Die Grünen und die Vermögenssteuer

08.08.2016 / Axel Troost

Über das Steuerkonzept der Grünen wird auf der nächsten Bundesdelegiertenversammlung im Herbst entschieden. Doch aktuell sehen wir bereits eine engagierte Debatte um die Frage, es in Deutschland eine Wiedererhebung der Vermögensteuer geben soll? Dies wird vom linken Parteiflügel um Grünen-Bundeschefin Simone Peter gefordert. Diesem gehört auch der Vorsitzende der Grünen-Bundestagsfraktion, Anton Hofreiter, an. „Wir brauchen eine gerechtere Besteuerung in Deutschland. Es muss klar sein, dass große Vermögen dazu einen Beitrag leisten“, sagt Hofreiter. „Sonst wird das Gerechtigkeitsempfinden in der Bevölkerung massiv beschädigt. Dazu gehört aus meiner Sicht eine Steuer auf hohe Vermögen.“ Für den realpolitischen Flügel erklärt Ministerpräsident Kretschmann, er sei gegen die Forderung nach einer Vermögensteuer. Solchen Plänen werde die Landesregierung von Baden-Württemberg nicht folgen.

 

Diese Debatte in der grünen Partei ist die Wiederaufnahme eines lange verdrängten Themas. 2013 hatten die Grünen die Steuerreform zu einem zentralen Wahlkampfthema gemacht und detaillierte Steuermodelle vorgelegt. Bis heute gilt das als Fehler – und Grund für das schlechte Abschneiden in der letzten Bundestagswahl. Bei der Bundestagswahl 2013 waren die Grünen mit ihrem Steuerwahlkampf wenig erfolgreich und sackten auf 8,4 Prozent ab. Kretschmann hatte seine Partei damals im Vorfeld gewarnt, Bürger und Unternehmer mit allzu vielen Steuern belasten zu wollen.
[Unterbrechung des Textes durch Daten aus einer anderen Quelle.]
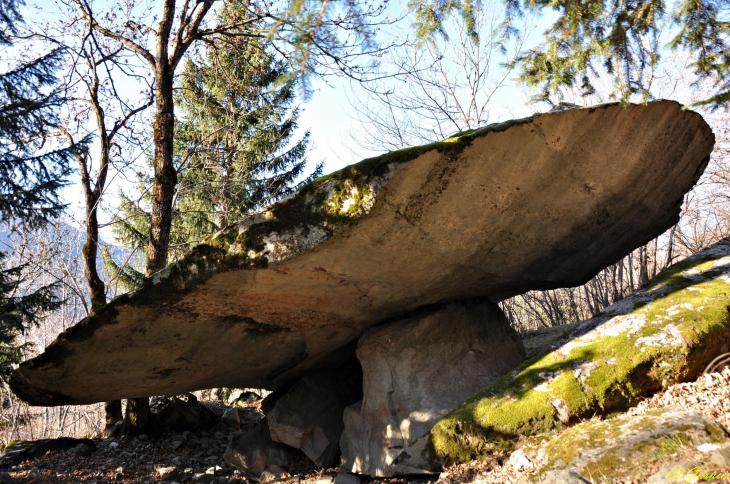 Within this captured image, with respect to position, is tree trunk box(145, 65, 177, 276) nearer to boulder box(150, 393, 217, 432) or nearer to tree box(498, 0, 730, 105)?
boulder box(150, 393, 217, 432)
Damals konnte er sich nicht durchsetzen. Letztlich stimmte er einem Kompromiss zu – eine Entscheidung, für die er Kritik vor allem aus der Wirtschaft einstecken musste und die er heute als Fehler sieht. „Ich mache den gleichen Fehler nicht zweimal“ unterstreicht Kretschmann. Mehr noch: „Keine Steuerdebatten in Zeiten sprudelnder Steuereinnahmen“, möchte der baden-württembergische Ministerpräsident im Zusammenhang mit der anstehenden Bundestagswahl führen. Die Zuspitzung auf eine Besteuerung der Vermögen mache für ihn auch keinen politischen Sinn: „Die Vermögensteuer bekommt man nicht hin, ohne dass es auf Kosten unserer Familienbetriebe geht“.

In der Tat macht in der Berliner Republik das aktuelle Steueraufkommen wenig Sorgen. Dennoch folge ich Jürgen Trittin in seiner Argumentation, dass mit dem Steueraufkommen eine dringend notwendige Ausweitung der öffentlichen Investitionen nicht realisiert werden kann. „Unter den G20 hat Deutschland den letzten Platz bei Investitionen in Infrastruktur. Es fehlen laut Städtetag über 100 Mrd. zum Erhalt von Straßen, Schienen, Brücken, Schulen. Gleichzeitig findet über eine ungerechte Besteuerung eine Umverteilung von unten nach oben statt. Ungleichheit befördert Finanzkrisen und erhöht den Wachstumszwang. Mit dem neuen strömungsübergreifenden Steuerkonzept wollen wir Grünen dies stoppen und die Finanzierung wichtiger gesellschaftlicher Aufgaben wie Investitionen in Bildung, Klimaschutz und Infrastruktur gerechter gestalten. Hierzu gehört der Abbau ökologisch schädlicher Subventionen, die Abschaffung der Abgeltungssteuer und eine stärkere Besteuerung von Vermögen.“(Rhein-Neckar-Zeitung 4.8.2016)

Auch 2015 leistete sich Deutschland eine Des-Investitionspolitik: Nach Angaben des Statistischen Bundesamtes waren die Abschreibungen auf die bestehenden Anlagen im vergangenen Jahr mit 67,22 Mrd. Euro höher als die Summe der von Bund, Ländern, Gemeinden und Sozialversicherungen aufgewandten Investitionen, die bei 66,59 Mrd. Euro lag. Vor allem die Kommunen kommen mit der Instandhaltung nicht hinterher. Zwar entfallen auf Städte und Gemeinden mehr als ein Drittel aller öffentlichen Investitionen. Doch seit Jahren übersteigt die Abschreibungssumme die Höhe der von den Kommunen geleisteten Infrastrukturausgaben deutlich. Gab die öffentliche Hand Anfang der 1970er Jahre noch rund fünf Prozent des Bruttoinlandsprodukts (BIP) für Investitionen aus, schrumpfte die Quote bis 2007 auf weniger als 1,5 Prozent des BIP.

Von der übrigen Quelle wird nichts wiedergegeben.